Merci pour ce billet. Années D’austérités… quelle farce. Le dindon serais-ce NOUS. On ns prend pour des incultes, pendant ce temps, on ne fait
RIEN ou si peu. C’est ns donne la désespérance en nos élus…Assez gaspillé de temps pour Moi,

Avec internet plus besoin de se déplacer pour voir, entendre, et communiquer. Depuis son élection le Premier Ministre Couillard et sa ribambelle de petits lutins voyagent
sans arrêt aux frais des contribuables. C’est également le cas pour tout nos paliers gouvernementaux.
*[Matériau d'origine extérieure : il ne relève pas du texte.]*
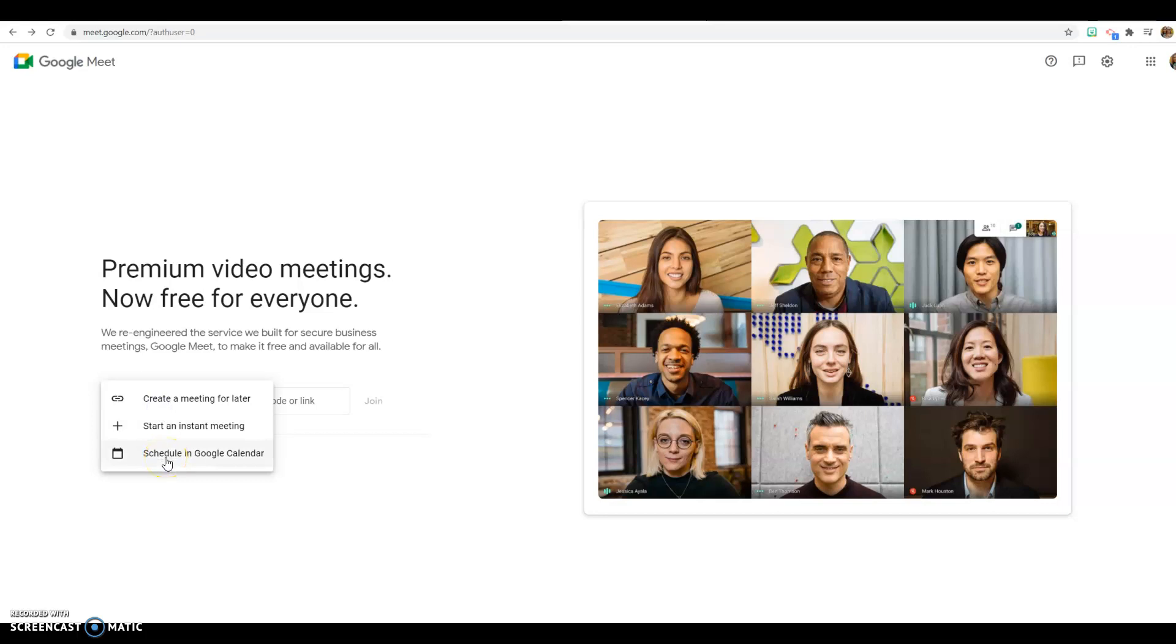This hooks up to your Google Calendar, so it would create a meeting in your Google Calendar, or you could do an instant meeting, or you could schedule one for later.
Pourtant lle contribuables qui veut voyager doit se le payer lui-même….
Nous serait-il permis d’espérer plus de modestie à nos gouvernants, moins de procole, moins de tourisme sottise , plus conséquent, » Bye, Bye 2014 » fut très à propos devant cette réalité…

« Le Québec est le champion du monde du gaspillage d’électricité, comme je l’avais déjà expliqué dans ce billet. »

Des explications non. Prouvez-le!

Prouvez-le noir sur blanc avec de chiffres noir sur blanc tenant compte de la température des pays, le vent, les entreprises « énergivores » telles que les alumineries dont nous avons pas besoin, du pétrole versus électricité.

Je me méfie des médias très à la droite et l’Actualité en est un.

Monter les taxes ou l’électricité pour sauver de l’impôt aux riches.

Ce n’est pas aussi tranché effectivement. Dans bien des domaines, l’industrie traine de la patte en terme d’efficacité énergétique. Dans le domaine du bâtiment résidentiel, on se débrouille pas mal.